_Exercise goal:_ Search the entries for the word "George". Copy every line that holds it.

** Opening Material for the task block **

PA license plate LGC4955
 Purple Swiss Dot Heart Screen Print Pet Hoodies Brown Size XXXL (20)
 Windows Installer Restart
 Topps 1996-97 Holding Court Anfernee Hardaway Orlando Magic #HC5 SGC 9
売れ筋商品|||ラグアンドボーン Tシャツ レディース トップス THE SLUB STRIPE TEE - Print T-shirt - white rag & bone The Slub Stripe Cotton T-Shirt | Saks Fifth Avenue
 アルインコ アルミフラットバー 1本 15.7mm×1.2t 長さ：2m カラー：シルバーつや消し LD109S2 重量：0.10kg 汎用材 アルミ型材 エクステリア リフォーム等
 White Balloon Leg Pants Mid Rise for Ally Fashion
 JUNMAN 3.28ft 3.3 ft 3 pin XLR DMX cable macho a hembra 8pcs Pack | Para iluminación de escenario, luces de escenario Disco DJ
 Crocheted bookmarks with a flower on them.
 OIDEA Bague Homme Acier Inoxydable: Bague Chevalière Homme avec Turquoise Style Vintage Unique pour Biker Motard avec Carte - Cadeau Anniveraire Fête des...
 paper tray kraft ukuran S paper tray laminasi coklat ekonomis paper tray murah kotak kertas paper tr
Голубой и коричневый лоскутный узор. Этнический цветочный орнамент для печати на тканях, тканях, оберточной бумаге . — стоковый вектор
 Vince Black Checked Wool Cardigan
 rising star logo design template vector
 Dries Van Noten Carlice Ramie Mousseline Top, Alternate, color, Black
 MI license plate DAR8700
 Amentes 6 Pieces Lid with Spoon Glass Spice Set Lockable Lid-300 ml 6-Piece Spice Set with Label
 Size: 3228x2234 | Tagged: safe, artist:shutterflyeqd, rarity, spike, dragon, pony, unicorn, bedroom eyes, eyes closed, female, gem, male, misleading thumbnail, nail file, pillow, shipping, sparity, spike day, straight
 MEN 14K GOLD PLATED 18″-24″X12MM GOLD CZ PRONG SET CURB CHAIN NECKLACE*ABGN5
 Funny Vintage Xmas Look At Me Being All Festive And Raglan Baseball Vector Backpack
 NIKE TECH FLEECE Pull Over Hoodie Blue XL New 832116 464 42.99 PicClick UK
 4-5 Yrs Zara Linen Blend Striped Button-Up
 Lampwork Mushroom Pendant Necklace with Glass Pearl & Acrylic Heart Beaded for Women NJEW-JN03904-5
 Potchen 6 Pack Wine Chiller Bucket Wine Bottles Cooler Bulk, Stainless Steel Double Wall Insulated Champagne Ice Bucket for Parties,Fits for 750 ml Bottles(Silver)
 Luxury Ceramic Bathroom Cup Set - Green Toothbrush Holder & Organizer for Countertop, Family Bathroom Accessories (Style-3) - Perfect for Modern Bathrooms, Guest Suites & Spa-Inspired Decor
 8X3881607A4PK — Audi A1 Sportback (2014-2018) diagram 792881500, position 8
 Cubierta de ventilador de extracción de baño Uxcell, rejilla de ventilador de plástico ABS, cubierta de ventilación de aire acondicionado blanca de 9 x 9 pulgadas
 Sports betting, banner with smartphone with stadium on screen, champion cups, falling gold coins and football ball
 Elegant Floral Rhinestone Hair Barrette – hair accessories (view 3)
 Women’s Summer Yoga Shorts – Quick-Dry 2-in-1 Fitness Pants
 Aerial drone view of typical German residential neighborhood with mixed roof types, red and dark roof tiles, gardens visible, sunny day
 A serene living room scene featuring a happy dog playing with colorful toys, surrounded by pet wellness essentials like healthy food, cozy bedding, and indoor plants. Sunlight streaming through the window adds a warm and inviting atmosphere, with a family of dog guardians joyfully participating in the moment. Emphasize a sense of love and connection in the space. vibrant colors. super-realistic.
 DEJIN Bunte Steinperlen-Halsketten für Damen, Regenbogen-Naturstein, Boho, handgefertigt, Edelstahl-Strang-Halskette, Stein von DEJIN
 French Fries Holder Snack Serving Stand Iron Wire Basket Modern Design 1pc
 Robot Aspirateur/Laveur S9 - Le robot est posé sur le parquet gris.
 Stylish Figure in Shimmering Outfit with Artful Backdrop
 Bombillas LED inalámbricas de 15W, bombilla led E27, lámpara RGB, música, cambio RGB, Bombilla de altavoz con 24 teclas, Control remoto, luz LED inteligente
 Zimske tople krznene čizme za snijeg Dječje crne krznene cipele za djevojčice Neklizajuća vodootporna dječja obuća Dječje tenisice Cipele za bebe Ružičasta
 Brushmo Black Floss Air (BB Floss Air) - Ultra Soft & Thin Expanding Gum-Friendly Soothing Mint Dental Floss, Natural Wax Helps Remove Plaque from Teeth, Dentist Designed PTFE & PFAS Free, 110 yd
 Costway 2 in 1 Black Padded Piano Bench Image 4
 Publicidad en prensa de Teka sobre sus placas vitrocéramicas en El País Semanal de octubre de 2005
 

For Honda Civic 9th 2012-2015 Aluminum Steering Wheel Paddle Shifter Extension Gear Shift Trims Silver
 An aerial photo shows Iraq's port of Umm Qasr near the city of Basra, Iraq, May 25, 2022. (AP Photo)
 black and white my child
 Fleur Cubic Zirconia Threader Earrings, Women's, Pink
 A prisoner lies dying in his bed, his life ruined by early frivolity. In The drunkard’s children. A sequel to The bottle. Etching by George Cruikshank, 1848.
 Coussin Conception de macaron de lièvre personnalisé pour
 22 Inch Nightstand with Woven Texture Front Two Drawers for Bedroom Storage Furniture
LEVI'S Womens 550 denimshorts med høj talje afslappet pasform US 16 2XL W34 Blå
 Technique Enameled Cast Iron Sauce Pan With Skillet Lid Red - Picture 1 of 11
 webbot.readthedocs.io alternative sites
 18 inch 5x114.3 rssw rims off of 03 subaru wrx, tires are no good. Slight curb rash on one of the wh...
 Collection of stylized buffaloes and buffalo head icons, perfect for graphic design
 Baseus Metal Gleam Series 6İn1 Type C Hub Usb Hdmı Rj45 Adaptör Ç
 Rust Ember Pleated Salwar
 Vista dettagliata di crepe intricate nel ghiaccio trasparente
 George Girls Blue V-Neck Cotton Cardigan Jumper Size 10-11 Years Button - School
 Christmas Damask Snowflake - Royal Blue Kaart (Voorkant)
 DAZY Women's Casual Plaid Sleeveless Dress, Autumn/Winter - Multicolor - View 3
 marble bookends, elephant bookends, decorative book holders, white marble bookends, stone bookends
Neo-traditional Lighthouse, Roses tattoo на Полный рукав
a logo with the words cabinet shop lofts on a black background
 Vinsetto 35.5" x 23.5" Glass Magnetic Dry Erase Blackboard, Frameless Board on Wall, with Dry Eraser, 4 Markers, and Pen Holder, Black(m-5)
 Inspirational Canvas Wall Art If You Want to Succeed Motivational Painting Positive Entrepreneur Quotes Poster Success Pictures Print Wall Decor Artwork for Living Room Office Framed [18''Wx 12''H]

** Closing Material for the task block **

_Answer section:_
 A prisoner lies dying in his bed, his life ruined by early frivolity. In The drunkard’s children. A sequel to The bottle. Etching by George Cruikshank, 1848.
 George Girls Blue V-Neck Cotton Cardigan Jumper Size 10-11 Years Button - School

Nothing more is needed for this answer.